That means Rindahl considers estate planning, long-term care insurance, cash flows and other important steps on the road to retirement.
“Right now, when things are topsy-turvy with the markets and knowing where to go, people do want to sit down and talk to somebody and get some sort of clear direction,” Rindahl said.
A Regulatory All-Clear
One reason consumers are better informed is the Department of Labor fiduciary rule.
Although a federal Court of Appeals tossed the rule out last summer, it got enough publicity over the previous three years to make an impression on clients and prospects, Rindahl said.
“We get more clients coming in saying ‘Are you a fiduciary?’ and ‘What does that even mean?’” he said. “So from that aspect, that really helps to have the conversation with current clients and prospects on what does being a fiduciary really mean.”
The fiduciary rule drama, which began when the Obama administration introduced the rule in April 2015, is partly to blame for putting a chill on rollover business.
Many advisories pulled back and reassessed their procedures for documenting and disclosing information to clients. New procedures and checklists were developed at Rindahl’s firm, but he remains comfortable doing rollover business.
Annuities, in particular, were affected by the regulatory spotlight, Iqbal said. The use of qualified money for variable annuities dropped substantially. Overall, LIMRA reports that 60 percent of annuities are bought with IRA rollover dollars.
Then Donald J. Trump was elected president and momentum turned against the DOL rule. Although parts of the rule took effect, the administration and industry groups kept chipping away at it until the Fifth Circuit Court of Appeals tossed out the rule in March 2018.
Sales picked up right away. Third-quarter sales of variable annuities were up 25 percent year-over-year to $25 billion, according to LIMRA SRI data. Fixed indexed annuity sales were 28 percent higher than the third quarter 2017.
Advisors remain concerned about sales standards being developed by the Securities and Exchange Commission, as well as various state regulators. They just want to have the full range of products at their disposal, Jolly explained.
“To me, the best financial plan is the one that provides the most flexibility,” he added. “And I think one of the challenges is that if a regulatory body says that you can or cannot do certain things, to me it immediately casts a shadow of doubt on the integrity of the advisor.”
Reputation A Key
Consumers choose advisors and companies to handle their rollovers based on a wide range of factors. Company reputation tops the list at 36 percent, according to a LIMRA survey of 1,034 people.
The immediate need to consolidate accounts, and convenience, were other top reasons at 33 percent each. Interestingly, fees were not among the top motivators for people seeking a rollover advisor.

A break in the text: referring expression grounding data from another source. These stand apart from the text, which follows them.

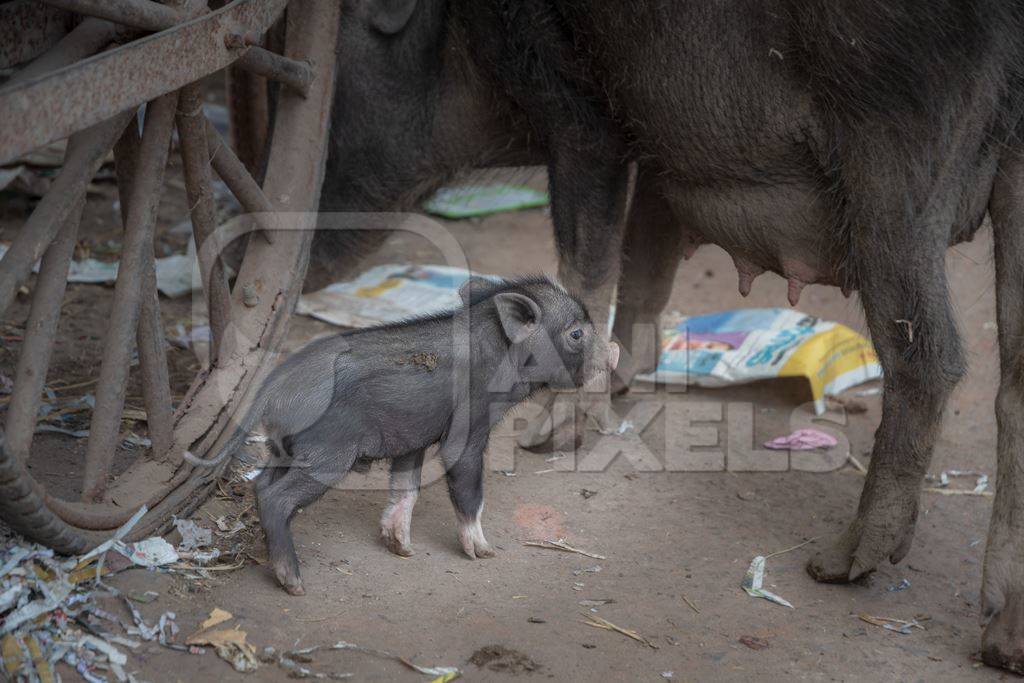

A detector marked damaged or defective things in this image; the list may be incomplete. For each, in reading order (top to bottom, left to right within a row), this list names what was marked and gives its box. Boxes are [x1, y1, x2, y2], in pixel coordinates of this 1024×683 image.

rusty metal spoke [35, 0, 180, 33]
rusty metal spoke [2, 197, 84, 464]
rusty metal spoke [0, 109, 134, 317]
rusty metal spoke [81, 92, 178, 501]
rusty metal spoke [114, 120, 176, 462]
rusty metal spoke [177, 82, 231, 366]
rusty metal spoke [205, 119, 276, 242]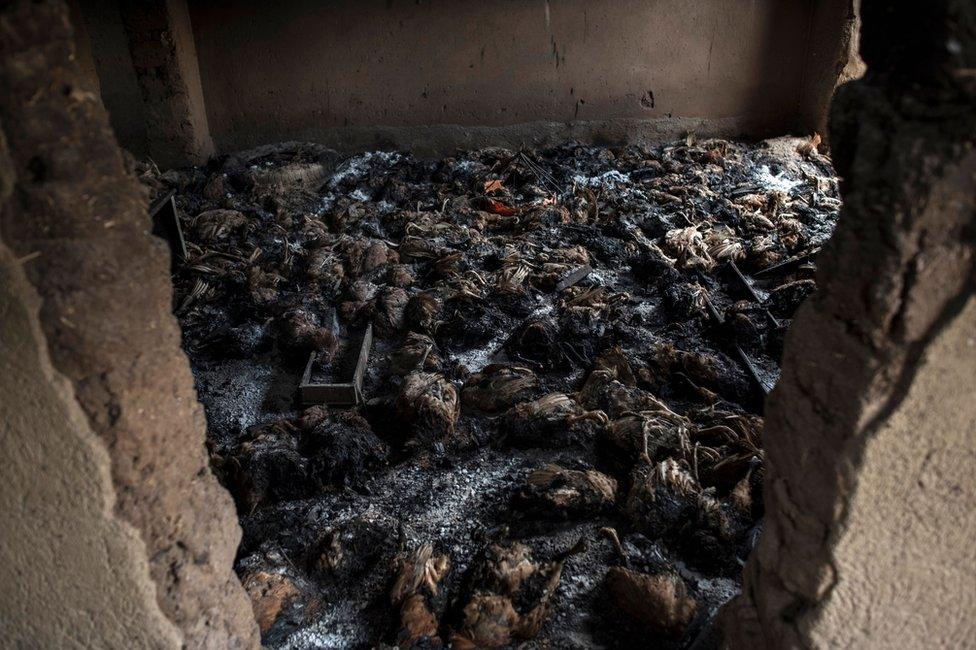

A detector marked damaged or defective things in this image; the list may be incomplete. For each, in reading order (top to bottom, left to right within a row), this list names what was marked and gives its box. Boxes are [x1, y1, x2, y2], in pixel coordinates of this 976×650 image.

rusted metal piece [148, 187, 188, 260]
rusted metal piece [298, 324, 374, 404]
charred debris [143, 134, 840, 644]
pile of burned remains [145, 134, 840, 644]
burnt floor [145, 134, 840, 644]
rusted metal piece [556, 264, 596, 292]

“Companies that emphasize low fees to the exclusion of other aspects of their offerings may be limiting their potential,” the report authors write. “However, as the industry adopts more fee transparency, fees may become more important in rollover decisions.”
Respondents mostly mentioned service-related reasons for choosing a rollover advisor, LIMRA said. The top 15 companies are generally capturing about 60 percent of the rollover market, Iqbal said.
Insurance companies are receiving just 12 percent of the available rollover business, he added.
Most insurance companies, not having control over distribution outlets, face difficulties in capturing rollovers, LIMRA noted. Many have to rely on platforms or brokerage houses and their representatives to present insurance products like annuities to potential rollover clients.
“Other hurdles like little brand recognition, lack of strong products, lack of robust narratives around guaranteed income, and detachment from end consumers force insurance companies to accept a minor role in the growing rollover market,” LIMRA authors said.
Among the sought-after high-net-worth clients, advisors like Greg Hammond are using the evolving tax laws to encourage IRA charitable rollovers.
“Transferring funds directly from an IRA to a public charity can provide several tax advantages while making an impact on a cause or organization you care about,” said Hammond, CEO of Hammond Iles Wealth Advisors in Wethersfield, Conn.
The key is to line up the charitable rollover distribution with the age 70 ½ distribution required by law. While clients would pay taxes on those normal required minimum distributions, they avoid taxes on a charitable rollover up to $100,000.
The IRS rule is known as the “qualified charitable contribution.” Known as the QCD, it was in and out of the tax code as a temporary provision starting in 2006.
But when Congress passed the Protecting Americans from Tax Hikes Act of 2015, it made the QCD permanent. That permitted tax filers to make a charitable contribution directly from an IRA.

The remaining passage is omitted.